Para viabilizar a vinda dos colegas quilombolas, os alunos do 8o ano da Lourenço criaram uma campanha de financiamento coletivo visando trazer para a capital 34 alunos e três professores da escola, no interior paulista.

“Essa viagem para o Vale do Ribeira ocorre há muito tempo, e 5 anos atrás a turma do 8o ano se mobilizou para trazer os colegas quilombolas para São Paulo”, conta Antonio Sérgio Pfleger, diretor do Fundamental II da Lourenço.  Desde então, é tradição na escola os próprios alunos organizarem a campanha de financiamento para custear algumas das despesas da viagem, como transporte, alimentação e hospedagem dos colegas do quilombo. 

A meta da vaquinha era arrecadar R$ 8,5 mil, e já foi batida. Até a tarde dessa quarta feira, dia 08, R$8.907 já haviam sido arrecadados – Foram 48 apoiadores. Conheça o projeto neste link: https://benfeitoria.com/LCCHULES2017.

“O importante neste projeto é o intercâmbio mútuo de experiências. No fundo, os alunos veem que há mais semelhanças do que diferenças, eles têm os mesmos gostos musicais, os mesmos sonhos”, reflete Antonio Sérgio.

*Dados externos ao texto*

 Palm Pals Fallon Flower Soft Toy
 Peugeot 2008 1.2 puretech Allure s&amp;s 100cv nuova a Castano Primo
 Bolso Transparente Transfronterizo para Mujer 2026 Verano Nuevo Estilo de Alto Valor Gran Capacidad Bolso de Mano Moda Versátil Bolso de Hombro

Entretanto, a integração também agrega aos alunos da Lourenço uma noção melhor sobre a educação pública e a vida rural, o que é muito importante aos olhos do diretor.

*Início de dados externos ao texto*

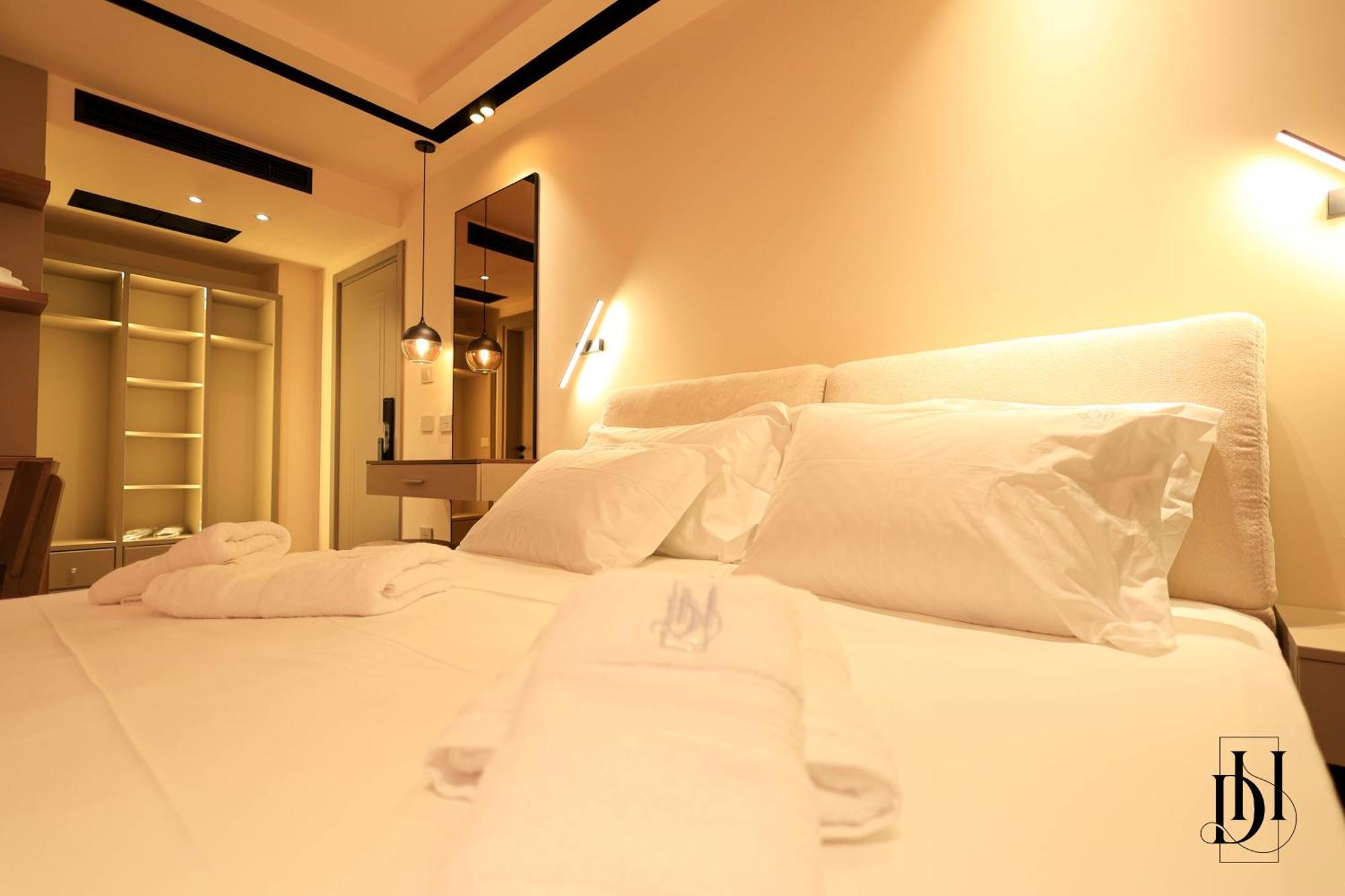 Deha Rooms & Apartments 地拉那 外观 照片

“Entendemos muito mais sobre o uso sustentável das terras e tivemos a chance de vivenciar um modo de vida que se baseia na cooperatividade, para que possam viver em harmonia com o ambiente rico em biodiversidade que os rodeia”, conta a aluna Giovanna Wilberg da Lourenço Castanho.

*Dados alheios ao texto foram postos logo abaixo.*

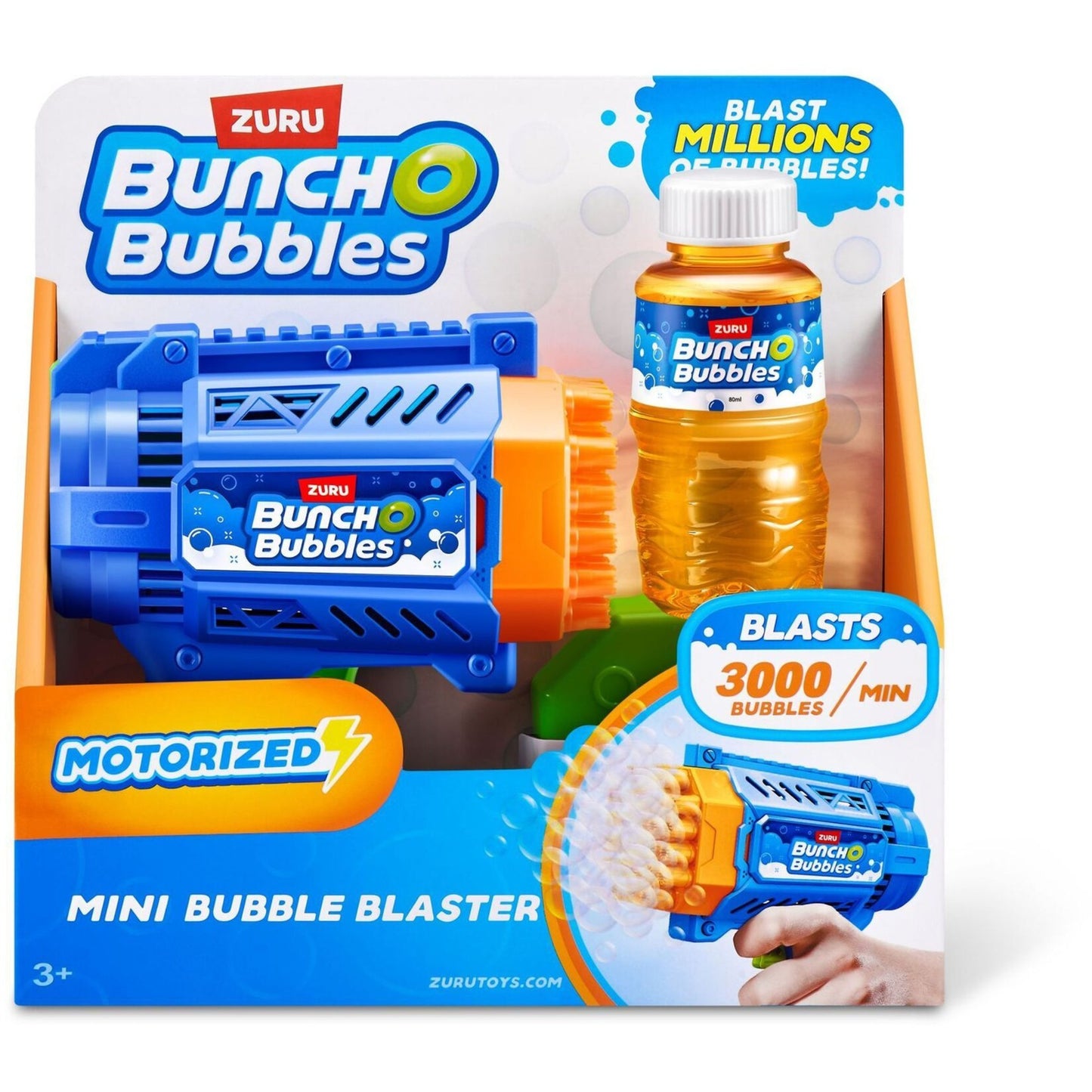 ZURU Bunch O Bubbles - Mini Bubble Blaster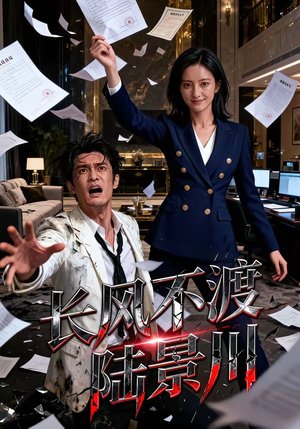 长风不渡陆景川（46集）精彩短剧上线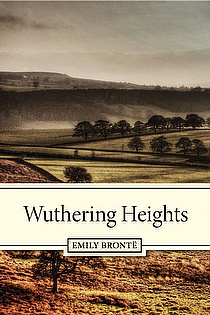 Wuthering Heights ebook cover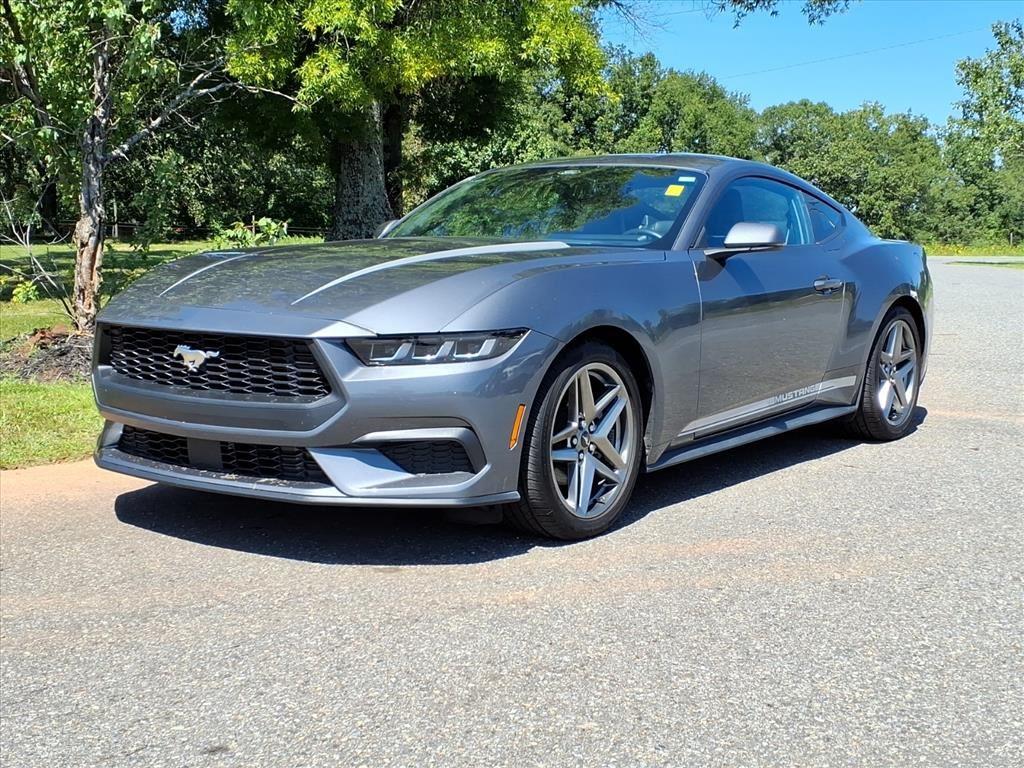 2024 Ford Mustang EcoBoost Premium's photo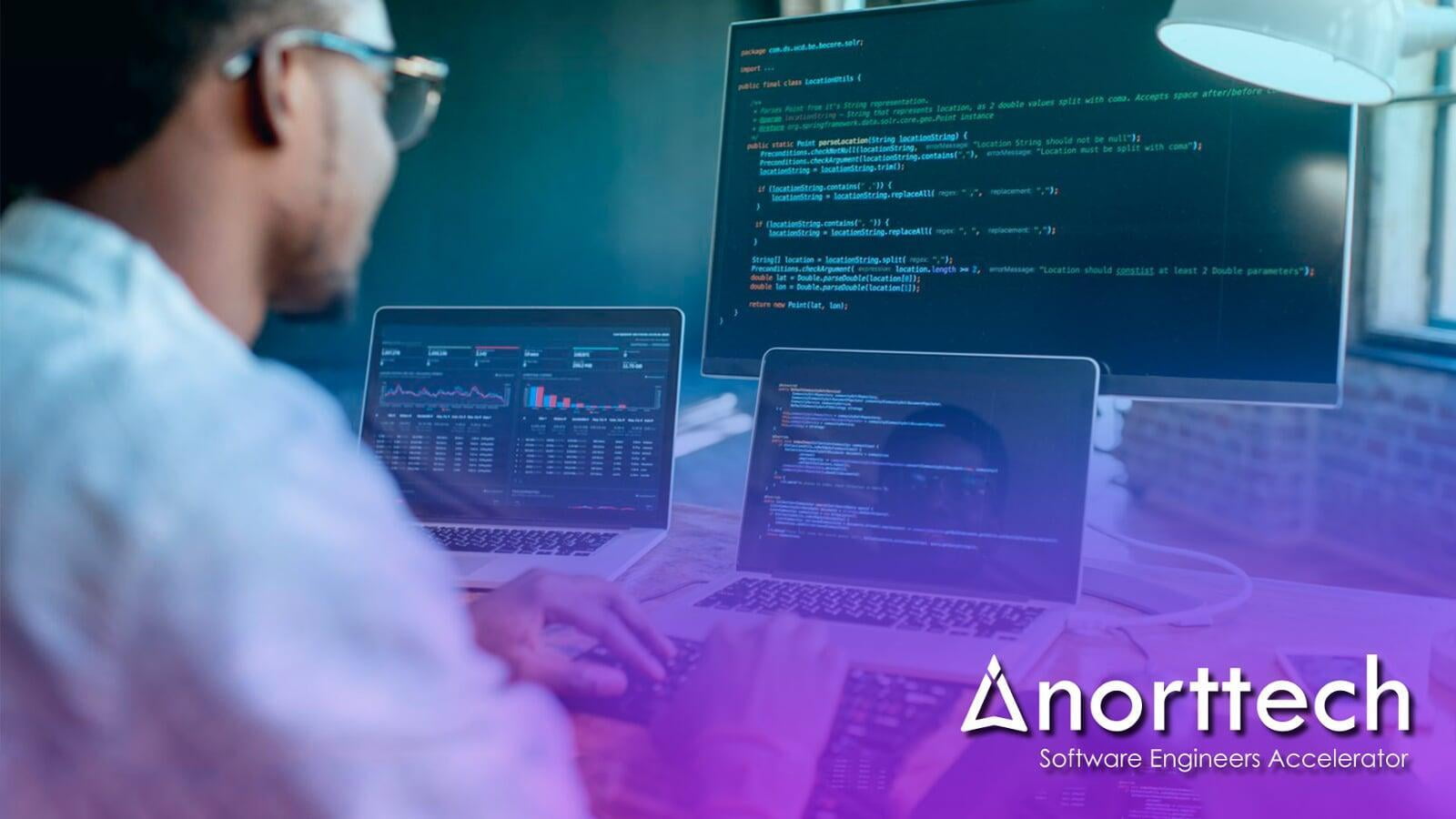 Programa Acelerador de Ingenieros de Software (SWAT) Nortech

Como o projeto se propõe a ser uma troca, não poderia faltar uma viagem dos quilombolas para também conhecer uma cidade e um modo de vida muito diferente dos seus. E o momento é bastante aguardado pelos alunos da comunidade.

“Estou ansiosa para ver como é a rotina em São Paulo, vivenciar experiências novas e conhecer essa cultura tão diferente”, conta a aluna Ingrid, do 8o ano da Escola Estadual Maria Antonia Chules. Assim como na Lourenço, este intercâmbio é esperado pelos alunos quilombolas desde as séries anteriores. “Os alunos mais novos não vêem a hora de vir para São Paulo”, revela a menina.

Além da parte pedagógica na Lourenço, eles conhecerão diversos pontos turísticos e culturais de São Paulo, como o Parque Ibirapuera, o MASP, a Avenida Paulista e cinemas.